Adriaan Morriën
Plantage Muidergracht
In de krant las ik tot mijn schrik de overlijdensadvertentie van Kennie van Schendel. Twee weken voor haar dood had ik haar nog in de stad gezien, op de fiets. Zij reed stapvoets, had alleen aandacht voor het verkeer, zodat zij mij niet opmerkte en ik haar niet kon groeten. Ik kon haar alleen nakijken. Omdat ik haar nog maar zelden zag, viel het mij ook nu weer op hoe grijs, of liever hoe wit, besneeuwd zij was geworden. ‘Een klein oud dametje’ noemde Janneke haar, een typering waarvan ik een beetje ontstelde. Janneke en ik waren Kennie op een keer tegengekomen. Kennie had onmiddellijk sympathie opgevat voor Jens, de hond van Janneke, en Jens ook voor haar. Kennie had gezegd dat Jens bij haar mocht komen logeren wanneer Janneke hem een paar dagen kwijt wilde. – Het damesachtige bestond bij Kennie uit wellevendheid, vriendelijke aandacht en een eigenzinnige beslistheid die haar nooit belette te glimlachen. Zij keek op een hartveroverende manier scheel.
Kennie woonde al jaren in het souterrain van een pand aan de Keizersgracht, vlakbij de Amstel, met twee heldere kamers aan de voorkant. Aan de achterkant, naar de tuin, was het op een geheimzinnige maar niet schrikwekkende manier schemerig of zelfs donker, en daar begonnen voor mij Les caves du Vatican. Hoe ik aan die absurde associatie ben gekomen kan ik mij niet herinneren. Misschien had ze met Fred Batten te maken die mij al voor de oorlog aan Kennie voorstelde en ons over André Gide doorzaagde (‘Sjiedd’ zei Fred heel chic en waarschijnlijk ook in navolging van Du Perron of van, op z’n minst, de zoons van Jan Greshoff).
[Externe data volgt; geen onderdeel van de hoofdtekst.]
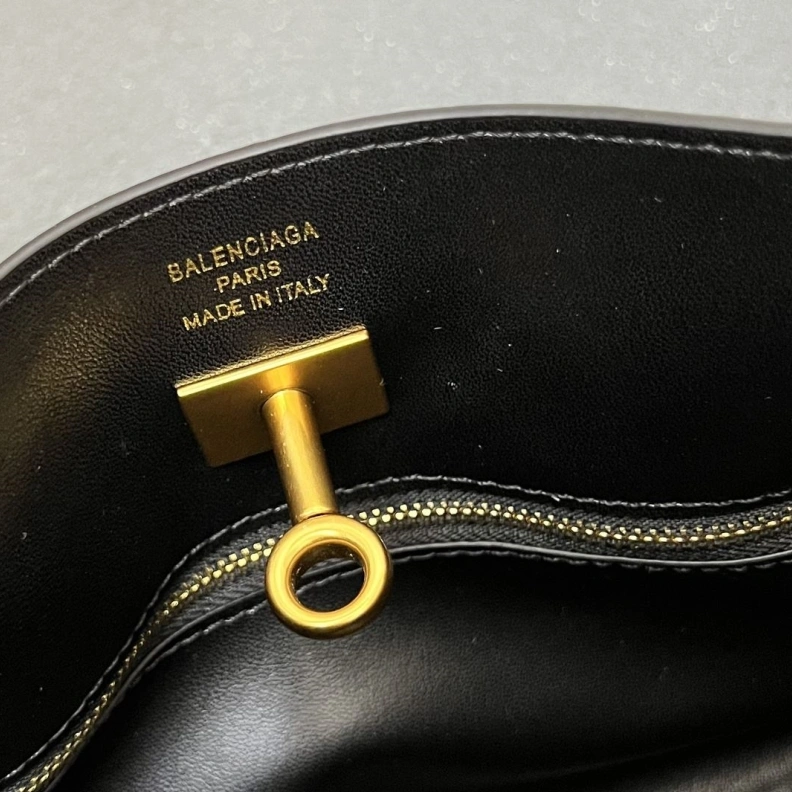 Bxlxnciaga Top Handle Bags Cozy 78629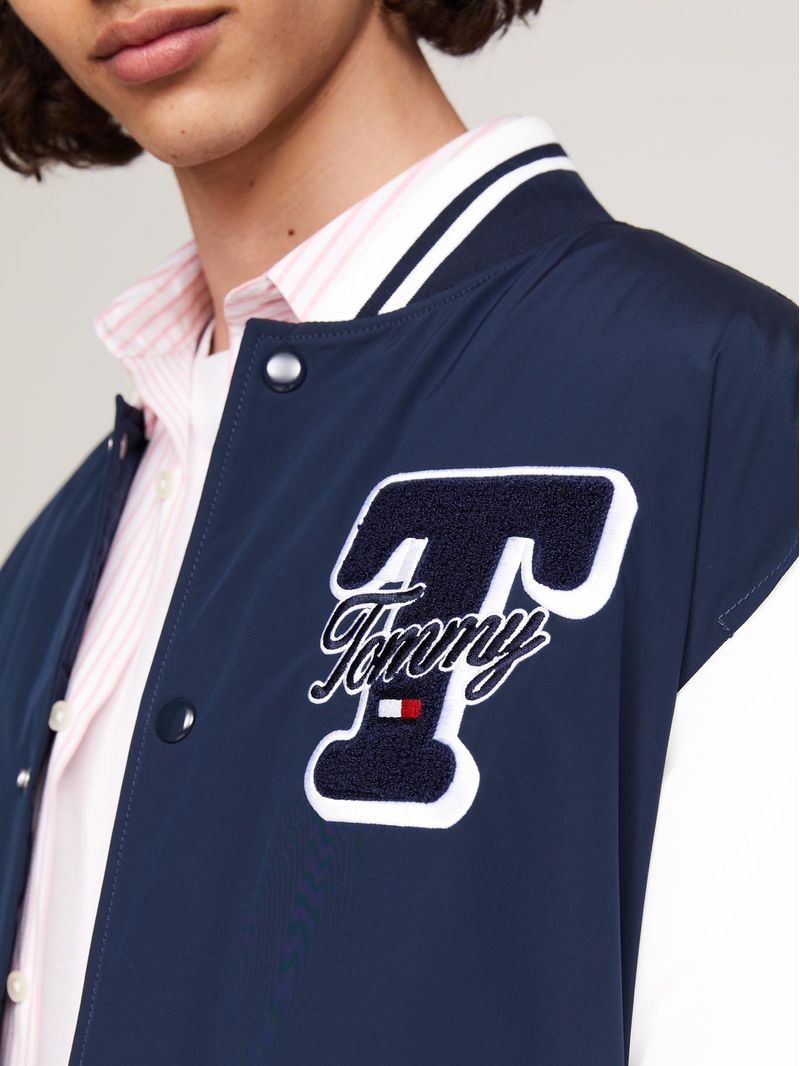 chaqueta-azul-letterman-de-estilo-universitario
Fred wilde met zijn conversatie vrienden maken, en een vriend ermee omprangen. Hij deed het innemend, leerzaam, hartstochtelijk, dwingend. Na urenlange gesprekken met Fred, waarbij ik al gauw geen woord meer kon uitbrengen, was ik kapot, op sterven na dood. Gelukkig heb ik ook altijd over het vermogen beschikt om van een sterfbed weer op te staan.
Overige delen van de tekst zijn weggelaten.